3
Ik dacht opeens de hele dag aan Jurg. Mijn vorige liefde. De grootste liefde die ik tot dat moment beleefd had. Jurg, met zijn grillige gedrag en zijn overdonderende affectie. Als het goed was tussen ons buitelden we van verliefdheid over elkaar heen. Dat kwam steeds minder vaak voor naarmate we langer samen waren. De ruzies volgden elkaar steeds sneller op. En ze gingen altijd over hetzelfde. Ze hadden altijd te maken met de leugens die Jurg vertelde. De leugens waar hij zich niet op liet aanspreken. Zelf noemde hij het verzinsels. Uit de hand gelopen fantasie. Ik vond dat een bijzonder bizar en vals eufemisme. Hij loog over alles, zonder dat daar een aannemelijke reden voor te bedenken was. En ik werd iedere keer als ik hem op leugens betrapte giftiger en kwaadaardiger in mijn reacties. Ik begreep niets van zijn gedrag. Totdat ik in het psychiatrisch ziekenhuis ging werken en het ziektebeeld ontdekte dat volledig op Jurg toepasbaar was. Hij bleek een pathologische leugenaar te zijn. Ik vrat de informatie over dit ziektebeeld bijna op. Het was een sensatie om te lezen en tegelijk te herkennen. Het was al bijna een jaar geleden dat ik Jurg voor het laatst had gezien en ik was inmiddels in staat om niet meer iedere dag aan hem te denken. Zijn beeld was aan het vervagen. Tot ik tijdens de lessen psychiatrische verpleegkunde kennismaakte met de ziekte, die kan voortkomen uit een psychische aandoening als een persoonlijkheidsstoornis. Tot ik erachter kwam dat een pathologische leugenaar een onbedwingbare lust heeft om te liegen. Dat dit beeld vaak voorkomt bij innemende en charmante persoonlijkheden. Dat iemand die aan dit ziektebeeld lijdt geen last heeft van angst, waardoor hij de consequenties van zijn leugens niet kan inzien. Ik begreep daardoor waarom ik hem nooit op enig schuldgevoel over zijn leugens had kunnen betrappen. Het ontbreken van dat schuldgevoel was ook de reden van de definitieve breuk. Ik beschouwde dat als een bewijs dat hij niet van mij hield. Ik vond hem slecht. Niet ziek.
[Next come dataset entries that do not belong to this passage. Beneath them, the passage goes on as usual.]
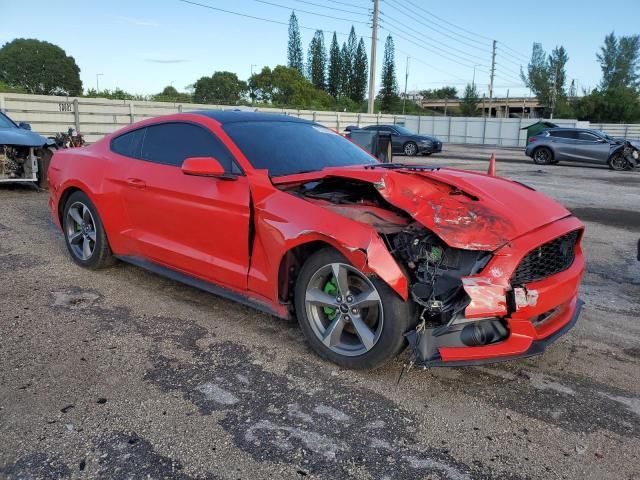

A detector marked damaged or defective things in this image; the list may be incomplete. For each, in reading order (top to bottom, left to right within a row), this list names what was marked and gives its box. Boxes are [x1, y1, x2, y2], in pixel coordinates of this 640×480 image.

crumpled hood [0, 128, 47, 147]
wrecked vehicle [0, 111, 50, 188]
wrecked vehicle [48, 110, 584, 370]
crumpled hood [278, 166, 572, 251]
severe front damage [276, 164, 584, 364]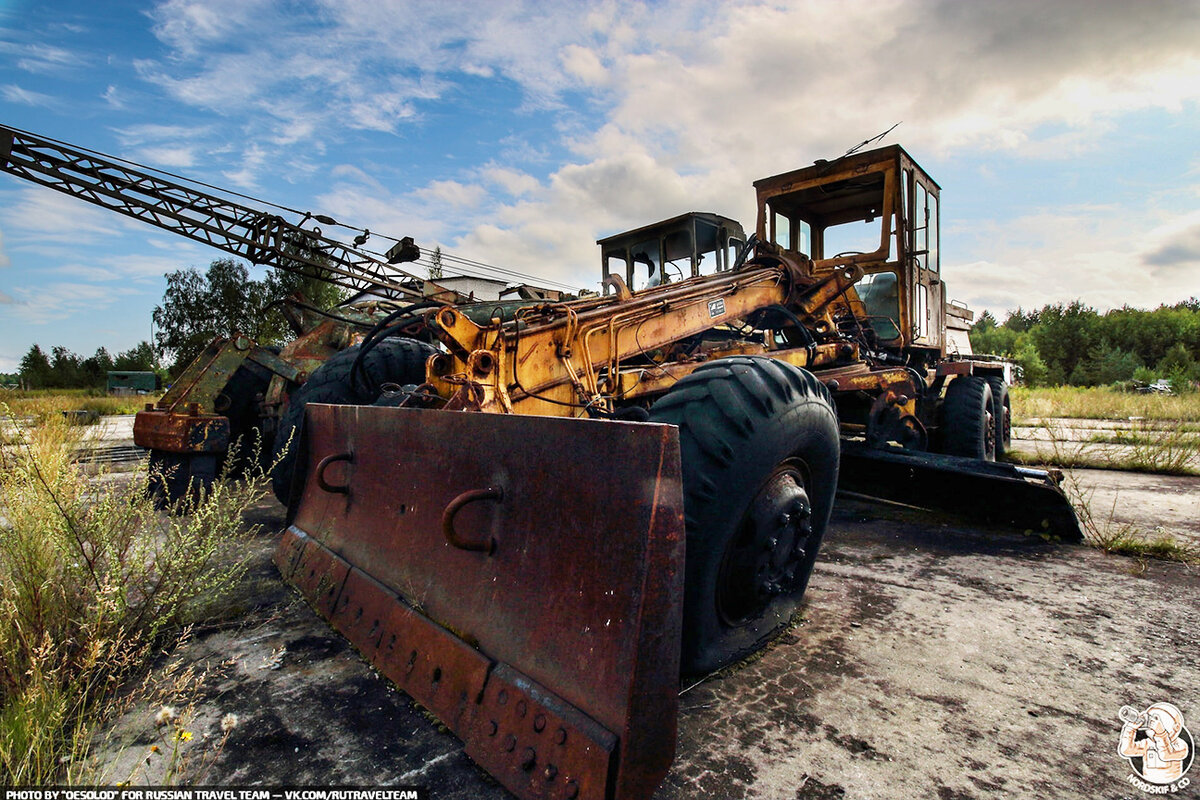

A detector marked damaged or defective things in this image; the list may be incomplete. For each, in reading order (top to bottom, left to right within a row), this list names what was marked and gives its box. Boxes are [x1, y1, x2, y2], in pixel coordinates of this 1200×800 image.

rusted steel blade [274, 407, 686, 800]
rusty metal panel [274, 407, 686, 800]
rusted metal bracket [274, 407, 686, 800]
rusty motor grader [0, 123, 1084, 800]
rusted steel blade [835, 441, 1089, 542]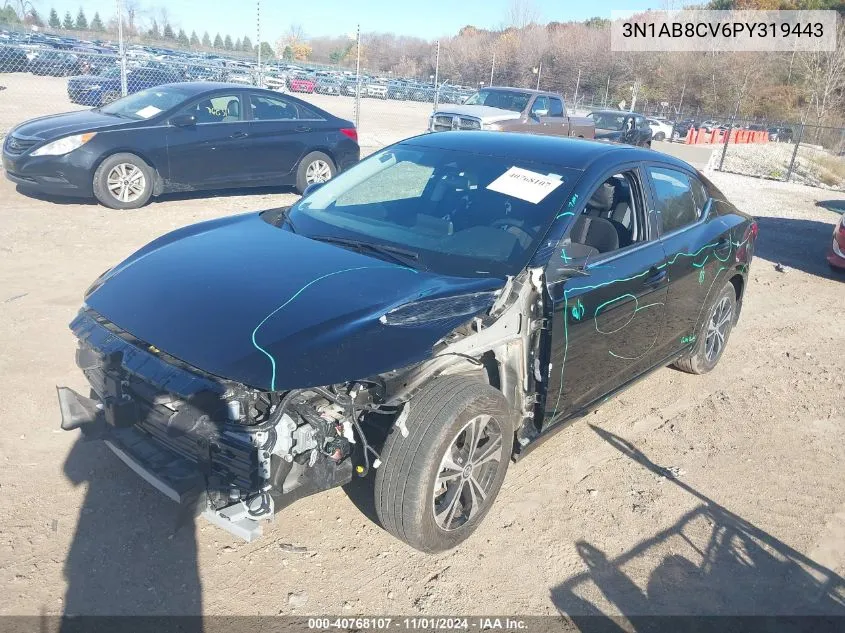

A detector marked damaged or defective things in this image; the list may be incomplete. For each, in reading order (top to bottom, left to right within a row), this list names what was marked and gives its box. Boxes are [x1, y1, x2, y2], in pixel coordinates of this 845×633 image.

damaged black sedan [61, 131, 760, 552]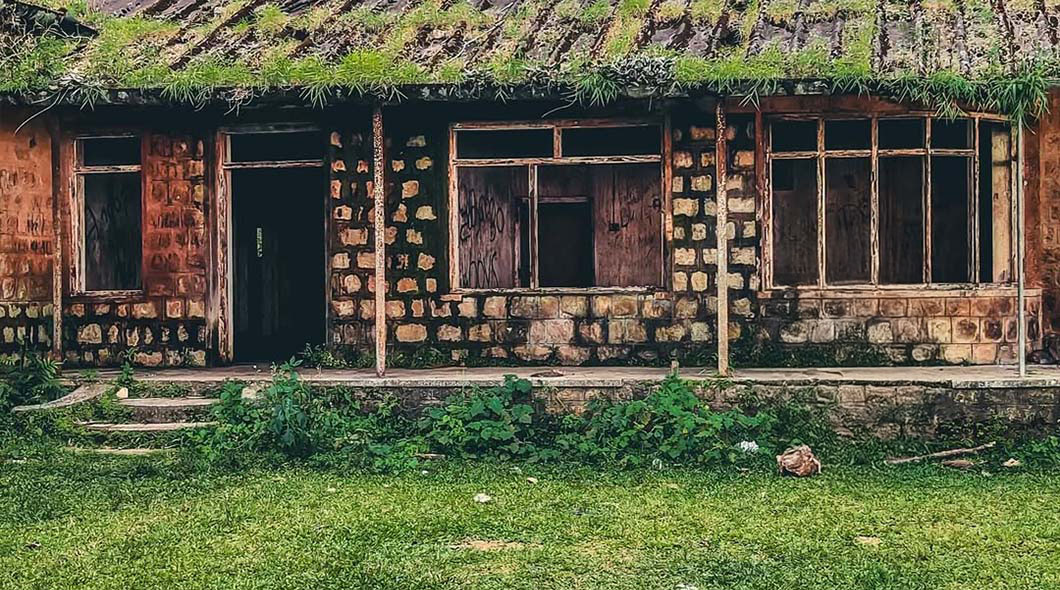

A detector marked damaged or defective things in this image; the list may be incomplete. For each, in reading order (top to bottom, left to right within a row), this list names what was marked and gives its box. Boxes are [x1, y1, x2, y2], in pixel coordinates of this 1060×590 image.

broken window [75, 133, 143, 290]
broken window [449, 122, 661, 290]
broken window [771, 115, 1009, 288]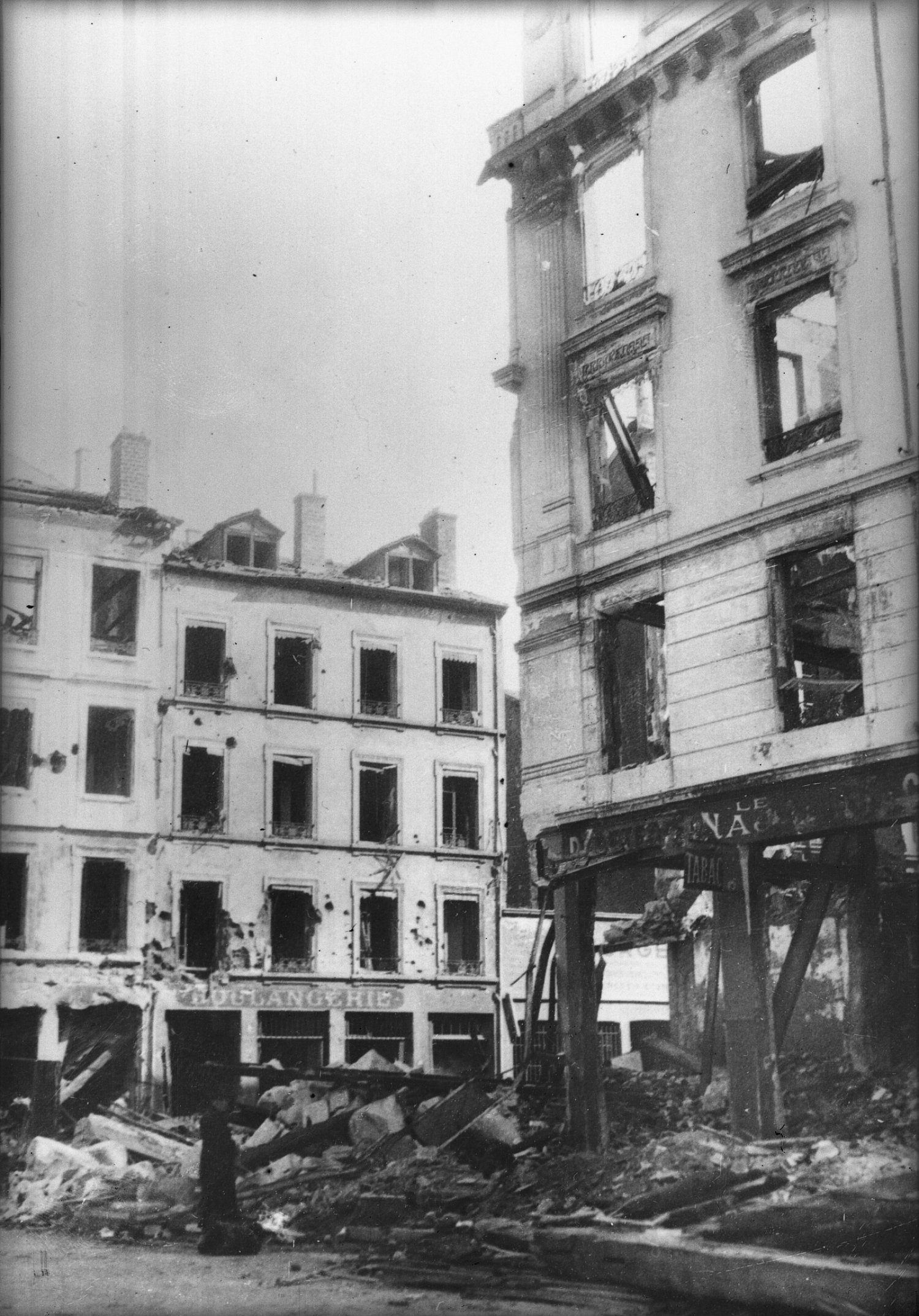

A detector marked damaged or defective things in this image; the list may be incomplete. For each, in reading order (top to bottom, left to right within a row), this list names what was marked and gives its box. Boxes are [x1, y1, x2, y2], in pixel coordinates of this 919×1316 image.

broken window frame [737, 34, 821, 221]
broken window frame [579, 147, 645, 305]
broken window frame [753, 276, 837, 463]
broken window frame [584, 371, 656, 528]
broken window frame [1, 550, 40, 642]
broken window frame [90, 566, 138, 652]
broken window frame [180, 623, 227, 705]
broken window frame [222, 528, 275, 571]
broken window frame [267, 629, 317, 710]
broken window frame [358, 639, 397, 721]
broken window frame [382, 552, 431, 595]
broken window frame [437, 655, 479, 731]
broken window frame [595, 600, 666, 769]
damaged building [484, 2, 911, 1142]
broken window frame [763, 540, 858, 737]
broken window frame [0, 710, 32, 789]
damaged building [1, 431, 179, 1121]
broken window frame [84, 705, 134, 794]
broken window frame [178, 742, 225, 832]
damaged building [0, 437, 505, 1116]
broken window frame [268, 758, 314, 837]
broken window frame [355, 758, 397, 847]
broken window frame [437, 769, 479, 852]
broken window frame [0, 852, 28, 947]
broken window frame [78, 858, 127, 952]
broken window frame [178, 879, 222, 974]
broken window frame [264, 884, 319, 979]
broken window frame [355, 884, 400, 979]
broken window frame [439, 895, 484, 979]
broken plank [534, 1221, 911, 1316]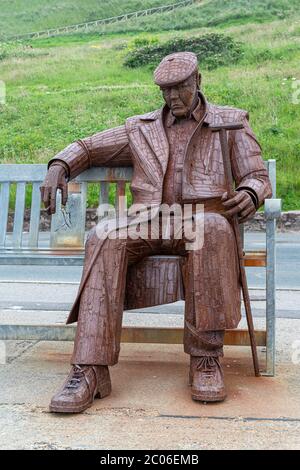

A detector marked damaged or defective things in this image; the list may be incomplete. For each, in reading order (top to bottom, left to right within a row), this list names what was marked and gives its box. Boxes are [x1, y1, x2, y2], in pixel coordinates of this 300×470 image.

rusty metal statue [39, 51, 272, 412]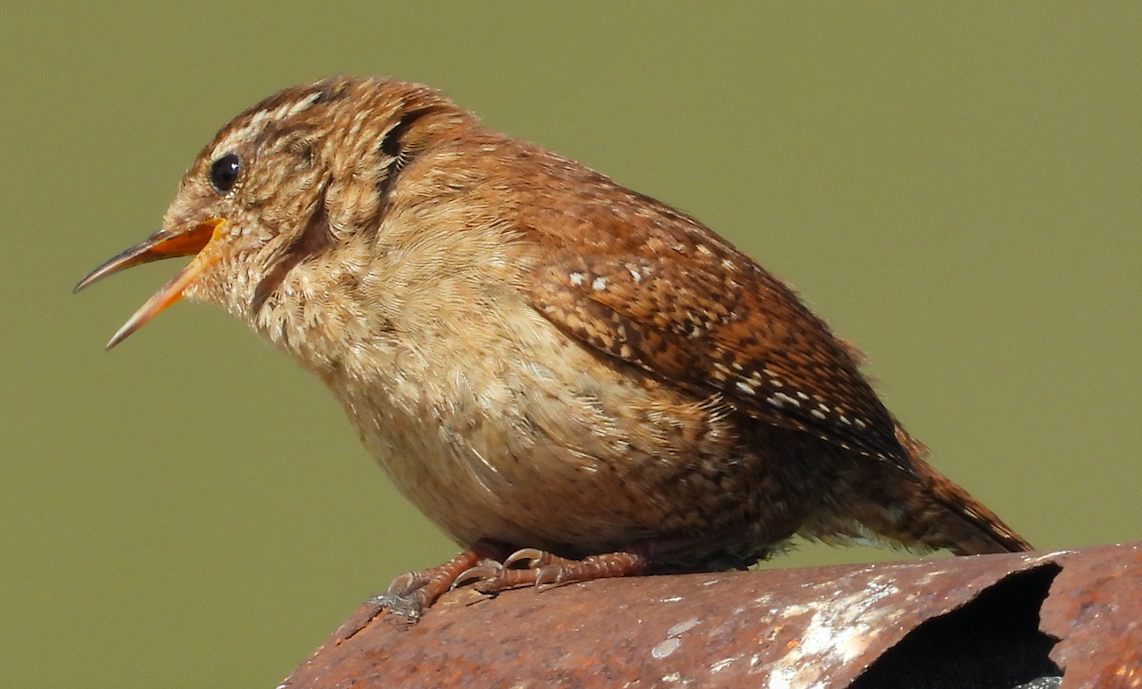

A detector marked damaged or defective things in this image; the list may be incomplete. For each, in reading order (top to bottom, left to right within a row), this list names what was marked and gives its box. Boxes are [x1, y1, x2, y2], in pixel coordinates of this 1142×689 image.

rusty metal surface [276, 543, 1142, 689]
chipped white paint [762, 575, 904, 689]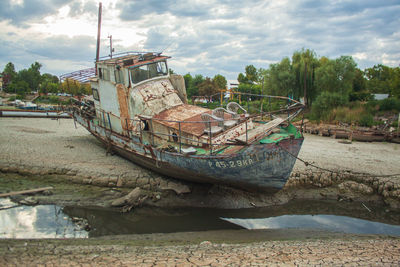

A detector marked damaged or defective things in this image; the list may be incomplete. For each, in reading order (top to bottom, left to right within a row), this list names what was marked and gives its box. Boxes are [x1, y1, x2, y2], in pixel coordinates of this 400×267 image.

abandoned rusty boat [71, 52, 304, 192]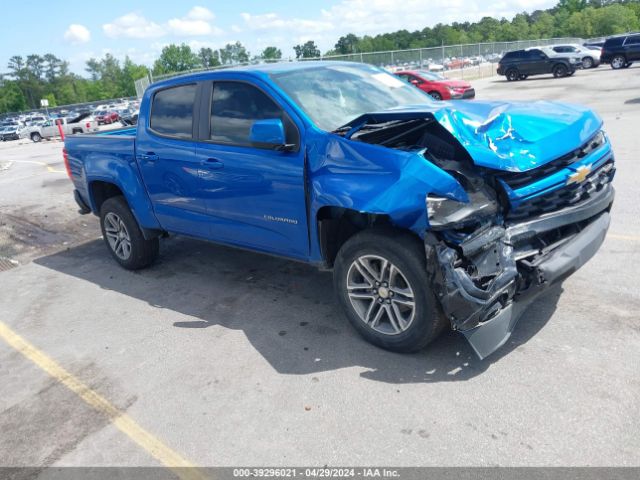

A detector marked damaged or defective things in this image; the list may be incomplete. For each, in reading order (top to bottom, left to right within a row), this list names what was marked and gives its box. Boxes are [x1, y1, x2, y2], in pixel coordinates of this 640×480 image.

Ik vertelde aan de docent psychiatrische verpleegkunde dat ik een relatie had gehad met een pathologische leugenaar. In plaats van geschokt te reageren, stelde hij me een vraag. "Val je altijd op psychisch zieke mannen?'
Ik schrok me een ongeluk. 'Nee, natuurlijk niet,' antwoordde ik, toch enigszins beledigd.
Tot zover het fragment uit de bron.